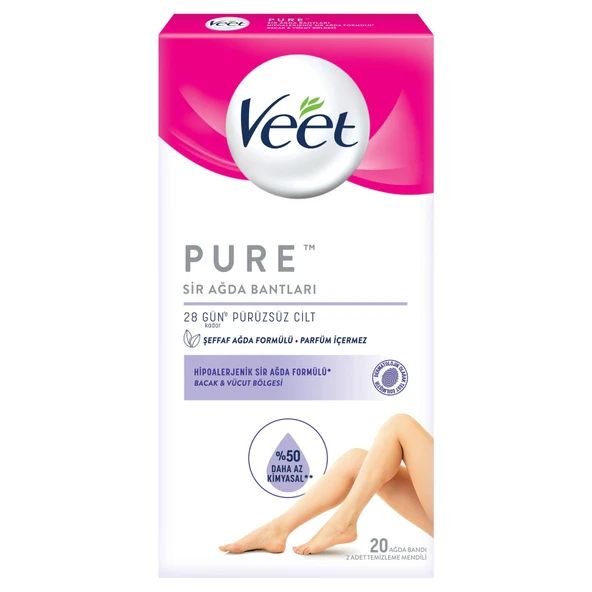 Veet Pure Bacak Ve Vücut Ağda Bandı 20'li (7'li Paket) ürün görseli 1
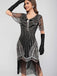 Schwarz 1920er Rundhalsausschnitt Pailletten Tassels Charleston Kleid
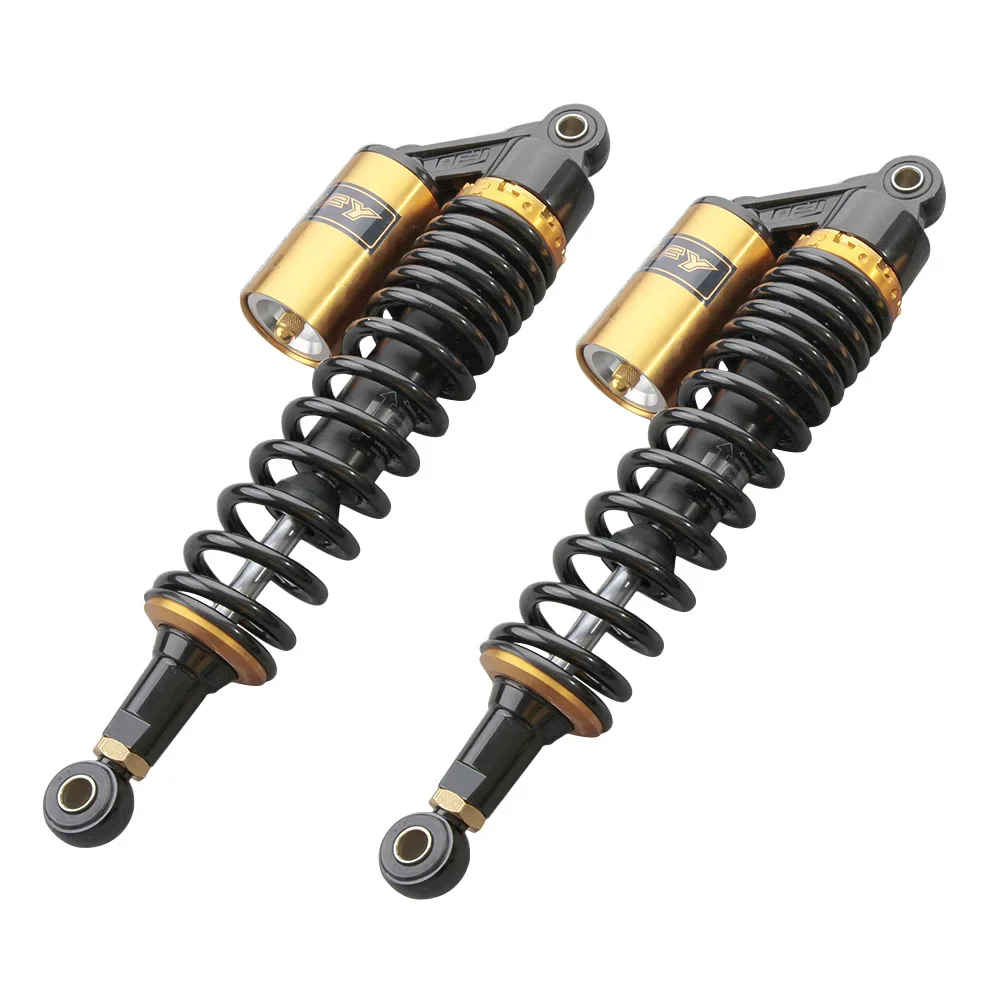 1Pair 375mm Gold Motorcycle Rear Air Suspension Shocks Absorber for Scooter Gokart Moped Quad ATV Dirt Street Bikes 150cc-750cc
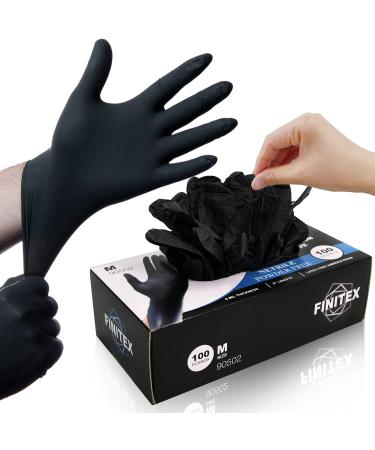 FINITEX Black Nitrile Disposable Medical Exam Gloves - Case of 1000 PCS 6mil Glove Powder-Free Latex-Free Gloves Pack of 100 Medium (Pack of 100)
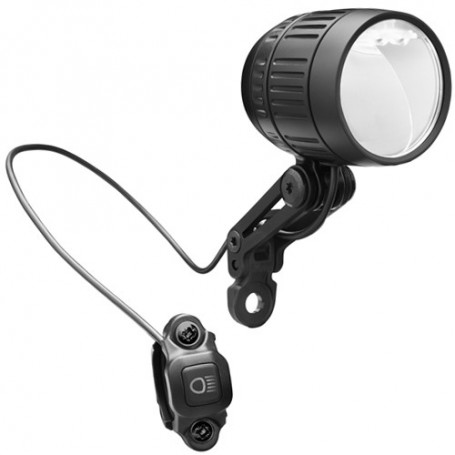 Scheinwerfer Lumotec IQ-XM, mit K~, B+M, schwarz, LED, 80 Lux, Fernlicht, E-Bike, Busch + Müller, 168RU65-01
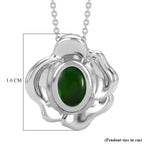D'Joy - Ammolite Solitaire Pendant with Chain (Size 20) in Rhodium Overlay Sterling Silver_4475661_5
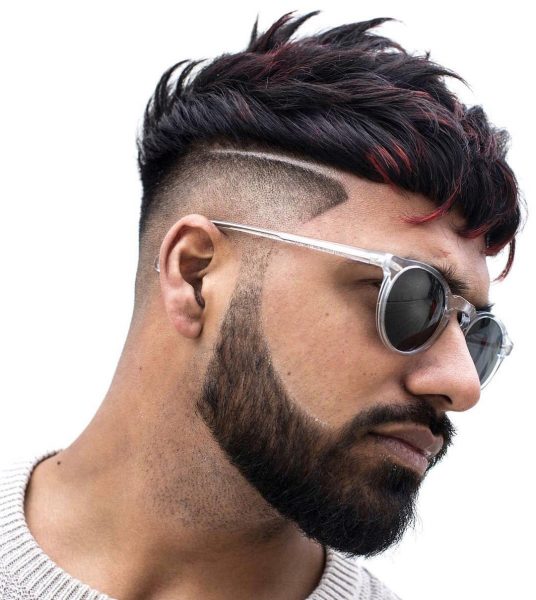 Short Curly Undercut Design with Full Beard - right side view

········

Begin at the first line of the data above and repeat each line exactly, stopping after the line containing "1Pair 375mm Gold". Omit the pictures.

ANSWER SPACE:
 Veet Pure Bacak Ve Vücut Ağda Bandı 20'li (7'li Paket) ürün görseli 1
 Schwarz 1920er Rundhalsausschnitt Pailletten Tassels Charleston Kleid
 1Pair 375mm Gold Motorcycle Rear Air Suspension Shocks Absorber for Scooter Gokart Moped Quad ATV Dirt Street Bikes 150cc-750cc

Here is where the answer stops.